There was no column for filling in the NHIS card number, passport number or driver’s license number on that form. Thus, so the argument of the Plaintiffs goes, whether by Form 1A or its electronic reproduction, Form 1C, which is lodged in the EC’s database, it is impossible for either the EC or any other person to determine those who registered using NHIS cards.

The Plaintiffs, in addition, stated that they had recordings of a meeting held at the EC’s conference room, between themselves and their lawyers, on the one hand, and the two Deputy Commissioners of the EC, namely Mrs.

Georgina Opoku-Amankwaa and Mr. Sulley Amadu, and the EC’s lawyer, at which the two admitted that the EC did not have the record of those who registered with NHIS cards.

Indeed, it was in recognition of this error in the Form 1A, which was used for the 2012 registration exercise under C. I. 72, that when the EC drafted the current C. I. 91, it made provision for filling in not only the national ID number of a registrant, but a registrant’s passport number and driver’s license number. None of these can be found in the Form 1 A and Form 1C used for registration in 2012.

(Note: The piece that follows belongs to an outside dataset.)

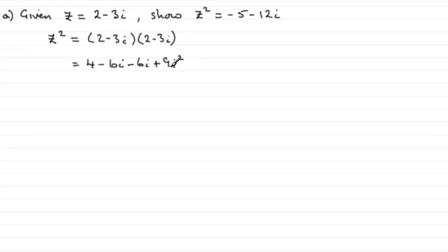We should know that i squared is the root of minus 1 times the root of minus 1, which is minus 1. 9 times minus 1 is minus 9.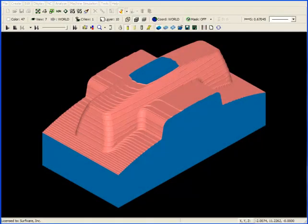In this video I'd like to talk about 3-axis rest machining. Rest machining in 3-axis is similar to 2-axis rest machining, except that you're removing remaining stock from surfaces rather than profiles.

To further buttress their points the Plaintiffs drew attention to names on the list that had no NHIS card numbers whatsoever. Again, the Plaintiffs argued that all the NHIS cards issued in 2012 had eight (8) digits. However, from the list filed by the EC some of the numbers were 2 digits, others 3, others 5, and yet others 7 and 12!

Furthermore, the Plaintiffs pointed to the incredulous fact that from the list submitted, there were a total of 82 districts, out of the 216 districts, where not a single person, according to the EC’s list, registered using NHIS card. The point was further made that some of the purported NHIS numbers were in fact passport numbers.

As indicated, these are not trifling matters and if gone into and established as facts by an adjudicatory body would ground the citing of all the members of the EC for contempt of the Supreme Court. It is thus to be very much regretted that the Supreme Court deemed itself unable to delve into this all important issue.

Lessons of the Abu Ramadan/Evans Nimako trilogy

What then does the Abu Ramadan/Evans Nimako saga teach us? In our view, there are a number of lessons to be learnt by all of us, as a people. First, we must commend the Plaintiffs, Abu Ramadan and Evans Nimako, for stepping forward to defend the Constitution with the tenacity they displayed. It is indeed the right and duty of all citizens to defend and guard jealously the Constitution of the Republic.

Second, it should be understood without disputation that the Supreme Court has the power and authority under article 2 (2) to give orders to any person or authority to give effect or enable effect to be given to any declaration of unconstitutionality.

Third, any such orders take precedence over any statutory provision, including constitutional instruments. Fourth, the Supreme Court’s clarification ruling and orders apply with equal force to the deletion of deceased persons from the register of voters.

The EC should not wait to be dragged to Court again, this time on contempt citation, before it implements this aspect of the Court’s orders of 5th May, 2016.

Again, the EC and all other independent constitutional bodies are subject to the Constitution and the supervisory jurisdiction of the superior courts. Next, it is about time that our governments, especially, and all of us took seriously the establishment of a national identification system that will assure reasonable proof of who is a Ghanaian citizen.

The Supreme Court stated this need in the most eloquent of terms when it observed in its judgment as far back as 30th July 2014 thus: “The need for a credible and reliable multipurpose national identification system comprising the relevant data and communication infrastructure that would answer to most of our national needs, whether for electoral, planning or developmental, or other purposes, is greater than ever before.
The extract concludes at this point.